A YOUNG mum from Stourport who tried to scam a store using fake bank notes has been spared jail because she has three children.

Carrie-Anne Bridges, 21, used counterfeit money at a Primark when she got into financial difficulties after her partner was jailed.

She attempted to pay for items at the Worcester branch on November 8 last year using four fake £20 notes she claimed to have borrowed from a family friend.

Bridges, of Nelson Road, Stourport, admitted tendering counterfeit currency but was spared jail on Monday, May 20.

 

She was sentenced to six months in prison, suspended for two years, and ordered to complete a 40-day rehabilitation activity programme at Worcester Crown Court.

Sentencing, Judge Jim Tindal suspended the sentence on the grounds she was responsible for children and had been honest with the probation officer.

He said: "If you breach that sentence by not cooperating with probation or committing an offence within the next two years you will be back to court and, young children or not, you will be sent to prison.

"There has to be some measure of deterrence which shows to people they can't go around using counterfeit notes."

The court heard Bridges had been committing offences of shoplifting at "some pace" when she was younger.

The judge added: "It was hoped, and I'm sure you hoped, you having a child would have meant you put that behind you and you did for two years."

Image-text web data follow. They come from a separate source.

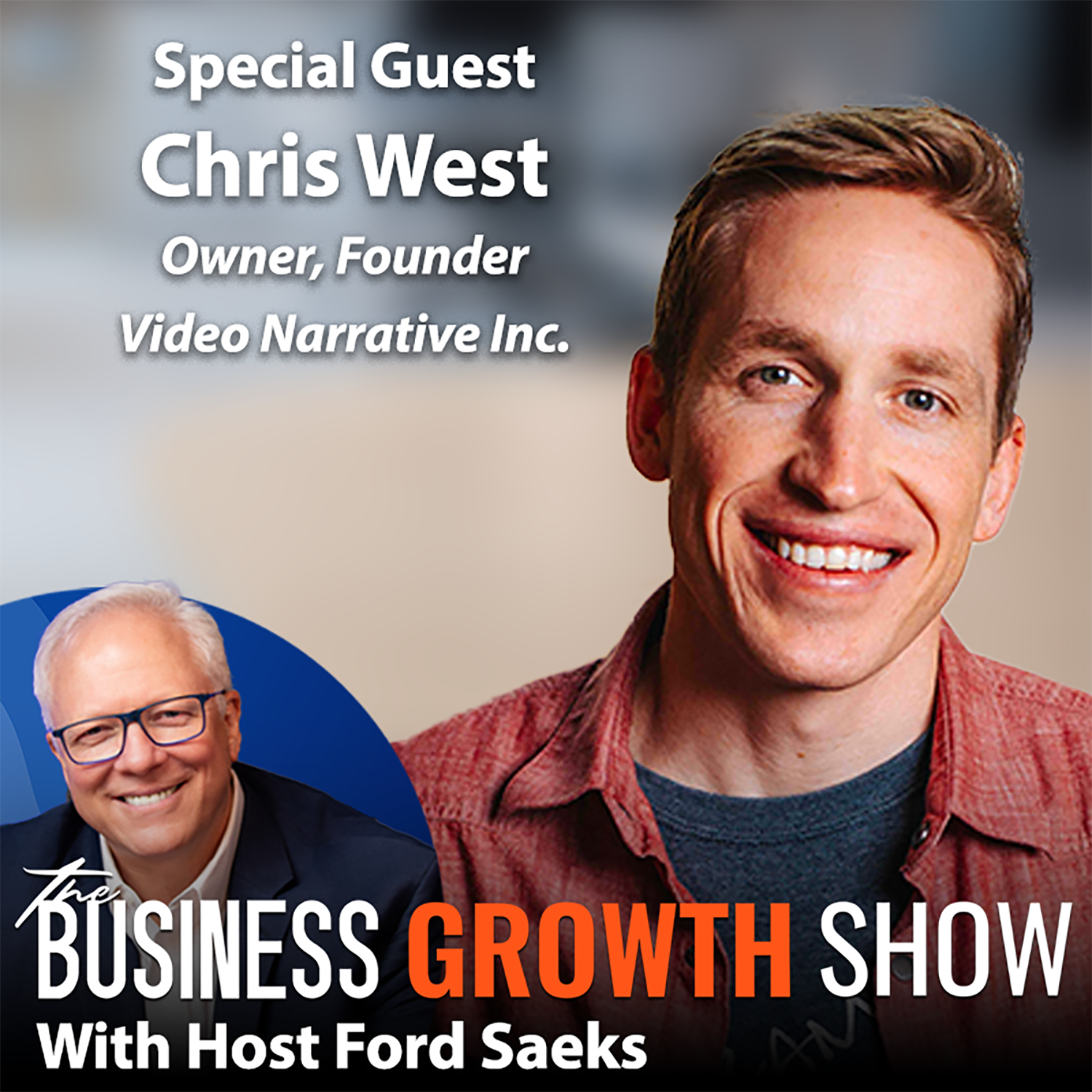 FORDIFY LIVE: The Business Growth Show with Ford Saeks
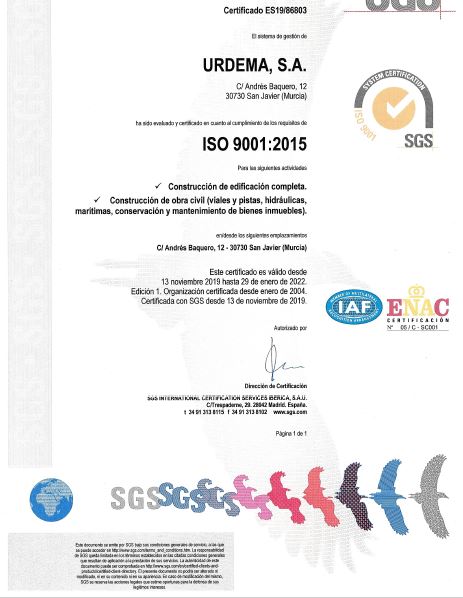 ISO 9001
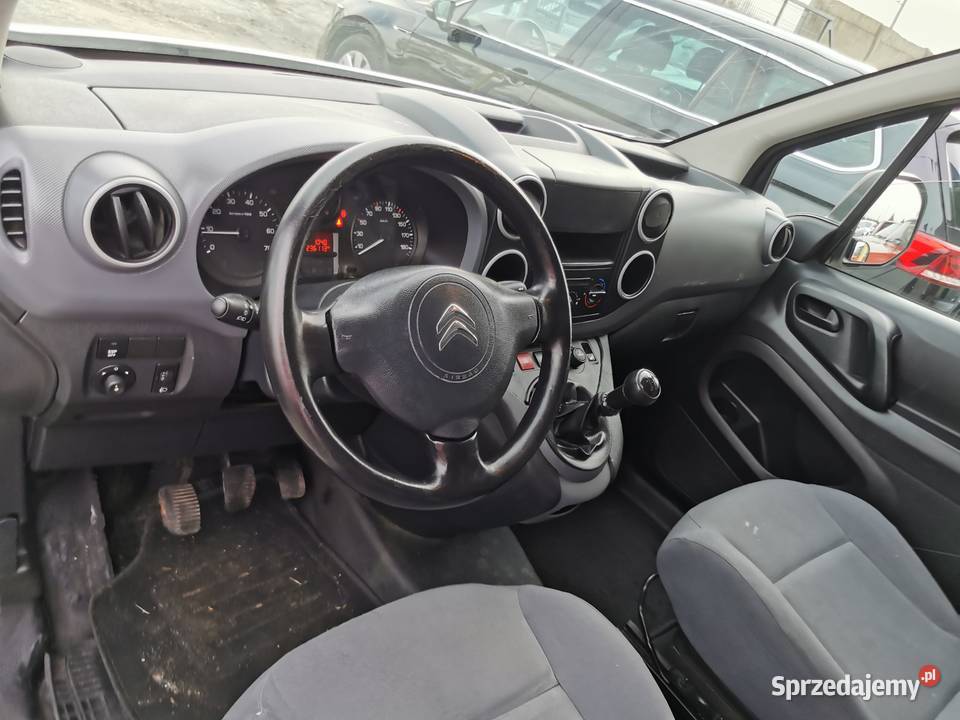 CITROEN BERLINGO 16 HDI wspomaganie kierownicy wielkopolskie Leszno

Blondelle Thompson, prosecuting, said Bridges had convictions for shoplifting dating back to May 2015 when she was a youth.

The court heard the mum-of-three had found herself in financial trouble because her partner was remanded in custody and borrowed the money off a family friend.

Amiee Parkes, defending, said a custodial sentence had to be imposed but asked that it be suspended, saying the defendant had a 12-week-old son with a heart murmur.

She said her client had accepted she knew or reasonably knew or suspected that the notes were counterfeit.

The judge also ordered the forfeiture and destruction of the counterfeit money.